Hahaha, I love this manga.
Houshin Engi is a shounen manga based loosely on the Chinese novel The Creation of the Gods. Dakki, a powerful fox demon, has enchanted the Yin emperor Chuu-oh and is destroying the empire by means of her peculiarly high-spirited atrocities - cheerily throwing huge crowds of people into pits of snakes, making excitable cooking shows in which she feeds people to their parents, etc. She's just having so much fun! Sadly, the immortal sennin of the Kongrong Mountains don't appreciate the mess she's making of China, so they send a sennin-in-training named Taikobo to defeat Dakki and her followers.
You know that thing about shounen manga, where the hero is pretty much the strongest guy around by the end of volume five or so? That doesn't happen here. Taikobo is genuinely not very good at fighting, and usually achieves his goals by getting people drunk or getting them mad at him. (He's really good at getting people mad at him.) The fighting he mainly pushes off on the stronger allies he makes throughout the series; he's mostly a stategist rather than a combatant.

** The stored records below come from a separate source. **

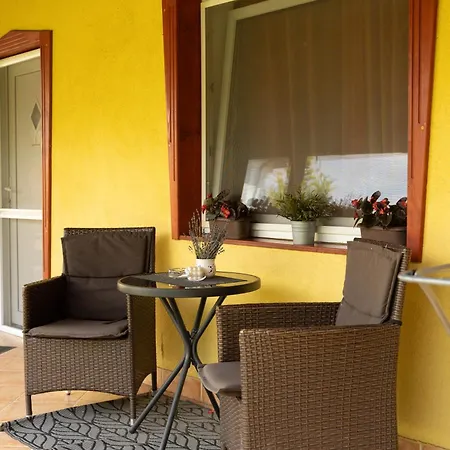 Borostyan Apartmanhaz Mórahalom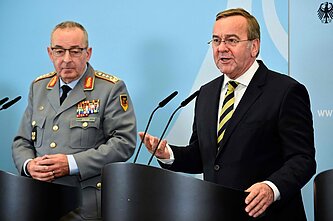 Borisas Pistoriusas pristato Vokietijos karinę strategiją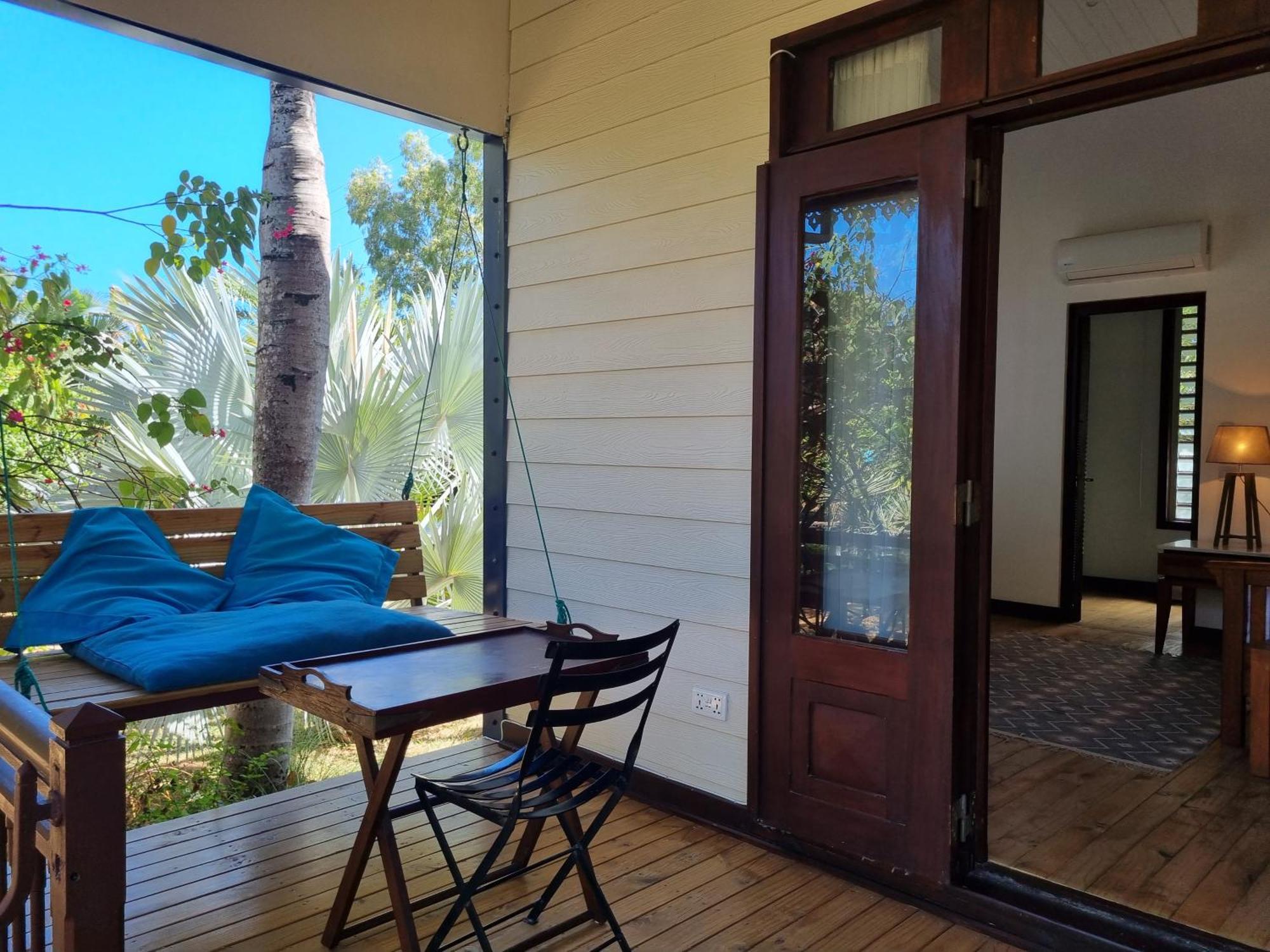 Shanti Ghar Guest house Tamarin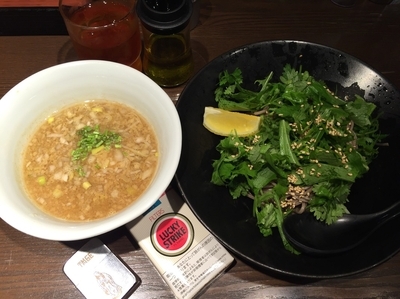 「パクチーソバ（トンコツベース）」@蕎麦 COMBO WATANABEの写真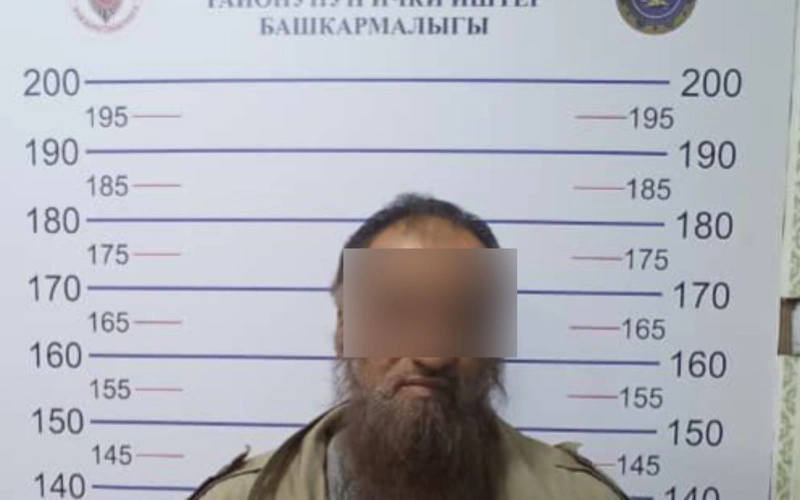 Bishkekte balalarǵa ıne bólshekteri bar kámpıt taratqan er adam ustaldy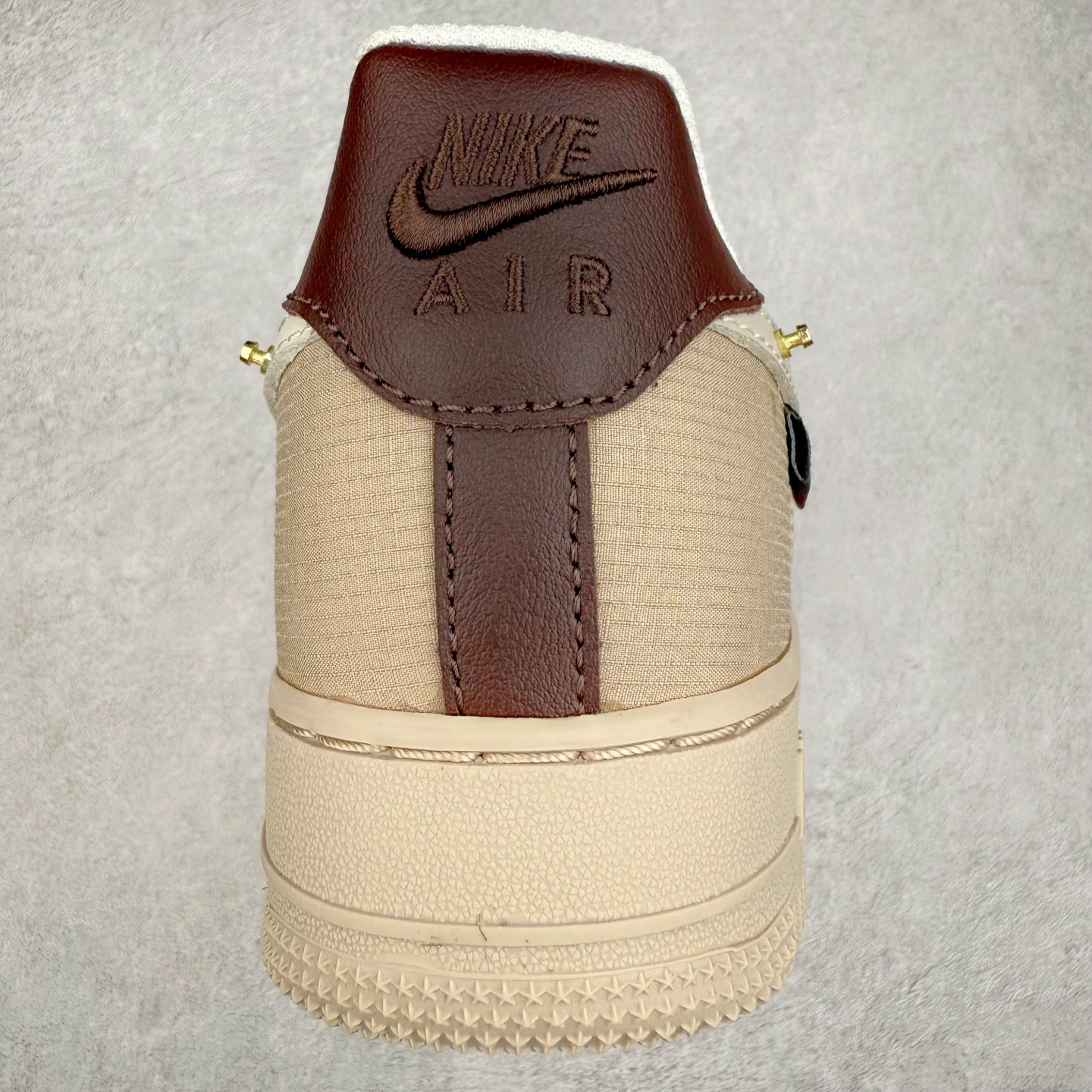 图片[8]-＃XT纯原 NK Air Force 1´07 Low 空军一号低帮百搭休闲运动板鞋 DX6061-122 顶级批次 2022全新楦头鞋型 鱼鳞大底 历时开发三个月 清洁度完美 二维码鞋标 内置芯片及solo气垫 大底高度及其弧度依照正品 钢印 logo刺绣 鞋口弧度 鞋头长度 鞋面冲孔 鞋垫背胶及钢印 完美鞋型对比正品 每一处都是细节满满 柔软、弹性十足的缓震性能和出色的中底设计 横跨复古与现代的外型结合 造就出风靡全球 三十多年的Force 1 直到今天还深受青睐 实拍调校N版已经零色差零失真 百分百还原实物色彩所见即所得 不存在货不对板色差等低级问题 选购参考实物拍摄 不混卖不参货 只用心做好货严格选品 承诺混一赔十 尺码：36 36.5 37.5 38 38.5 39 40 40.5 41 42 42.5 43 44 44.5 45-选品中心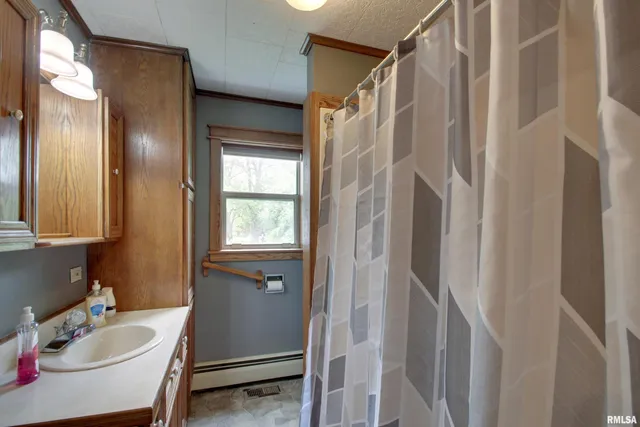 $86,500 | 529 North Monroe Street, Pittsfield, IL 62363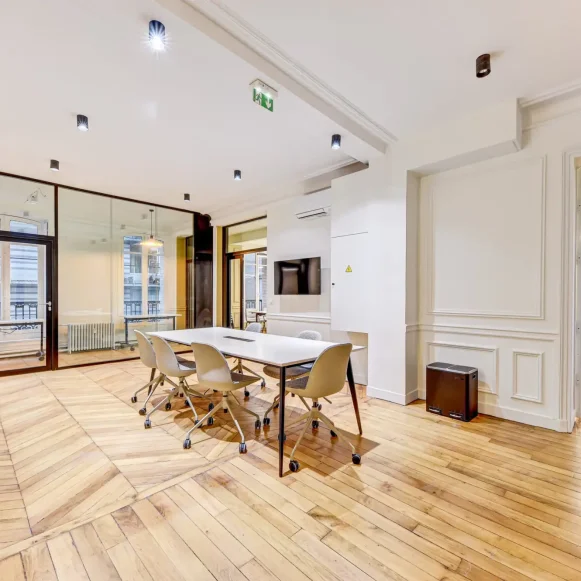 Espace indépendant 450 m² 70 postes Location bureau Rue de Meaux Paris 75019 - photo 2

There's a scene late in the series where his team is getting beaten up, and one of them insists that he help, only to find that he's passed out from the strain of an earlier, more minor fight; another character points out, reasonably, "He's never really been all that good, you know." This manga ran in Shounen Jump from 1996 to 2000, and I'm pretty sure that the magazine no longer permits this sort of behavior. (He's obliged to get some power-ups for the Final Battle, which I found disappointing.)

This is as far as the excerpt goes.